TASK TO CARRY OUT: Lines from the line with "sp-pme100024 slamf1 sp1" to the line with "Figure 5. Nbs1" in the entries below, and only those, must be output exactly, with both ends included.

BEGIN RECORDS PROVIDED

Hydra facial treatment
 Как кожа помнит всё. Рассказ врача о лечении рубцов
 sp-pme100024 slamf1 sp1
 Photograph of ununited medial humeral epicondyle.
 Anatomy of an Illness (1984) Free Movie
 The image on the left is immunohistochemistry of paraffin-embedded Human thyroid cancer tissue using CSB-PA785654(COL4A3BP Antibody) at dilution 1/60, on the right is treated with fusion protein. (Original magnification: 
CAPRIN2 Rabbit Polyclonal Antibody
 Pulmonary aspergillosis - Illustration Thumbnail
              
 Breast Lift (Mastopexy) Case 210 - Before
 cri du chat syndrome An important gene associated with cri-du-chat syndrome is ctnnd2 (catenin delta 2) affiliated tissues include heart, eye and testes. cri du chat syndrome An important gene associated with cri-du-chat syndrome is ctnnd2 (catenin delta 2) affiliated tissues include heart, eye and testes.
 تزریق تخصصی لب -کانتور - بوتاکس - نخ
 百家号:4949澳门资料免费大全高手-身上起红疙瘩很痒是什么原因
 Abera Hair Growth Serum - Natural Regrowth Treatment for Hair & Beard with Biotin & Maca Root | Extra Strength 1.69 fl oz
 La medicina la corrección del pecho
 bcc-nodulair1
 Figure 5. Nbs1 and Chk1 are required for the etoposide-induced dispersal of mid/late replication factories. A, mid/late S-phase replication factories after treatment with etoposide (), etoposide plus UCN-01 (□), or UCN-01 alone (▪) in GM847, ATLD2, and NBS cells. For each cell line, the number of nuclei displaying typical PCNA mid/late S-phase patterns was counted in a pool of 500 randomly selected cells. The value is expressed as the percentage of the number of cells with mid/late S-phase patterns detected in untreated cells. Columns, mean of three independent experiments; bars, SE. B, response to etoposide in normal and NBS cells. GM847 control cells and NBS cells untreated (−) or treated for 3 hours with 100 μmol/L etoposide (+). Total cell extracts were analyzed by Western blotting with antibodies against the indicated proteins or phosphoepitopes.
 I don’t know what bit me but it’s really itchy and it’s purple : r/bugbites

END RECORDS PROVIDED

TASK RESULT:
 sp-pme100024 slamf1 sp1
 Photograph of ununited medial humeral epicondyle.
 Anatomy of an Illness (1984) Free Movie
 The image on the left is immunohistochemistry of paraffin-embedded Human thyroid cancer tissue using CSB-PA785654(COL4A3BP Antibody) at dilution 1/60, on the right is treated with fusion protein. (Original magnification: 
CAPRIN2 Rabbit Polyclonal Antibody
 Pulmonary aspergillosis - Illustration Thumbnail
              
 Breast Lift (Mastopexy) Case 210 - Before
 cri du chat syndrome An important gene associated with cri-du-chat syndrome is ctnnd2 (catenin delta 2) affiliated tissues include heart, eye and testes. cri du chat syndrome An important gene associated with cri-du-chat syndrome is ctnnd2 (catenin delta 2) affiliated tissues include heart, eye and testes.
 تزریق تخصصی لب -کانتور - بوتاکس - نخ
 百家号:4949澳门资料免费大全高手-身上起红疙瘩很痒是什么原因
 Abera Hair Growth Serum - Natural Regrowth Treatment for Hair & Beard with Biotin & Maca Root | Extra Strength 1.69 fl oz
 La medicina la corrección del pecho
 bcc-nodulair1
 Figure 5. Nbs1 and Chk1 are required for the etoposide-induced dispersal of mid/late replication factories. A, mid/late S-phase replication factories after treatment with etoposide (), etoposide plus UCN-01 (□), or UCN-01 alone (▪) in GM847, ATLD2, and NBS cells. For each cell line, the number of nuclei displaying typical PCNA mid/late S-phase patterns was counted in a pool of 500 randomly selected cells. The value is expressed as the percentage of the number of cells with mid/late S-phase patterns detected in untreated cells. Columns, mean of three independent experiments; bars, SE. B, response to etoposide in normal and NBS cells. GM847 control cells and NBS cells untreated (−) or treated for 3 hours with 100 μmol/L etoposide (+). Total cell extracts were analyzed by Western blotting with antibodies against the indicated proteins or phosphoepitopes.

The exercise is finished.